Nature may have found a functional cure for human immunodeficiency virus 1 or HIV 1 infection decades ago, and now scientists at the Ragon Institute of MGH, MIT and Harvard, US, can see it using a new (and much improved) gene sequencing technique.
If these scientists can replicate this cure, it could mean the end of the HIV pandemic as we know it. It would end lifelong dependence on antiretroviral therapy (ART), and drastically improve health outcomes for patients.
But first, the details.
The Radon study comprised 64 people with HIV1 infection who got better without medical intervention as their bodies were able to limit the retrovirus in such a way that it could no longer cause disease.
Here’s how the scientists explain it: HIV is a retrovirus. It inserts itself into human genes all over the body. Wherever the entire viral genetic material gets inserted, the virus can multiply. Current HIV medicines stop this multiplication from happening, but they can’t remove the virus or block it permanently.
The result: people who are on ART for HIV/AIDS need to take these medicines for life. The moment they stop taking the medicines, the virus can start growing again and the person can become very sick, very quickly.
In these 64 people in the study, however, the story is quite different. Some of these people have been HIV-positive for nearly 30 years without getting sick. Researchers call these 64 (and several others like them) elite controllers.

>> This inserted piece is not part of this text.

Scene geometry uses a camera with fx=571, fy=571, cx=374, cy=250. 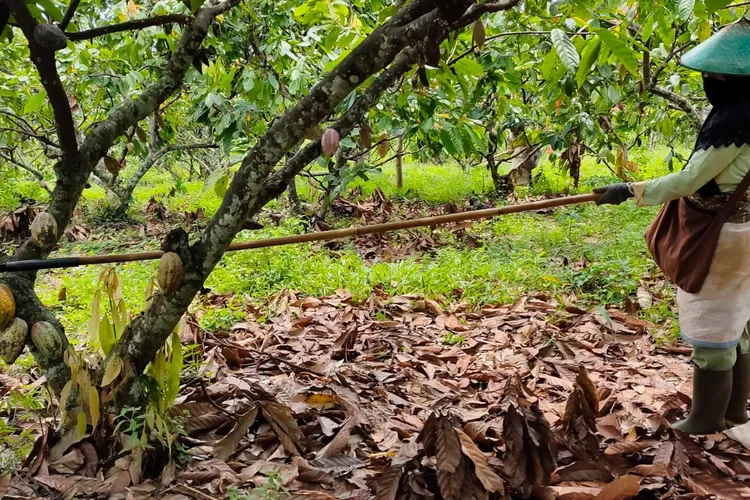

Here’s why: when an elite controller gets the HIV infection, the virus goes and attaches to the genes—just like it does with everyone else. However, what happens next is unique to elite controllers: their body is somehow able to move the virus from those parts of human genes that express themselves to parts that stay mute (gene deserts, as the researchers call these sections).
Eleven of the 64 people in the study proved to be exceptional controllers, as they were able to limit the virus to parts of the human genome that are “so dense and remote that the cell’s machinery cannot replicate" the virus.
The scientists suspect that T-cell mediated immune response could be the reason elite controllers can keep HIV infection in check without medication—this is because the elite controllers didn’t have antibodies to the virus, but the immune system seemed to have a memory of fighting the infection.
Writing in the peer-reviewed journal Nature, the research scientists said that fewer than 0.5% of people with replication-competent viral reservoir (virus capable of spreading and causing reinfection) are able to keep the virus down to undetectable levels in their blood (extremely low plasma viraemia). And this 0.5% of people (including the 64 participants in the study) who are exposed to HIV1 but can fight it may be the key to finding a cure for HIV1.
HIV1 is one of two types of HIV; it is responsible for most of the 35 million-plus HIV infections around the world. Currently, lifelong antiretroviral therapy is the mainstay of HIV treatment. That said, ART has some downsides: it can be difficult to access for people in some parts of the world, it can be out of budget for some people and it has some long-term side-effects like organ damage. Additionally, ART does not cure HIV—it manages the infection by not allowing the virus to make copies of itself and spread in the body.
To be sure, people on ART should not discontinue their medication. Indeed, the study showed that starting ART immediately after being infected may trigger this functional cure in about 10% of people.
That said, if the scientists can work out exactly how elite controllers move the virus to gene deserts, ART may become obsolete and the fear and stigma around HIV, a thing of the past.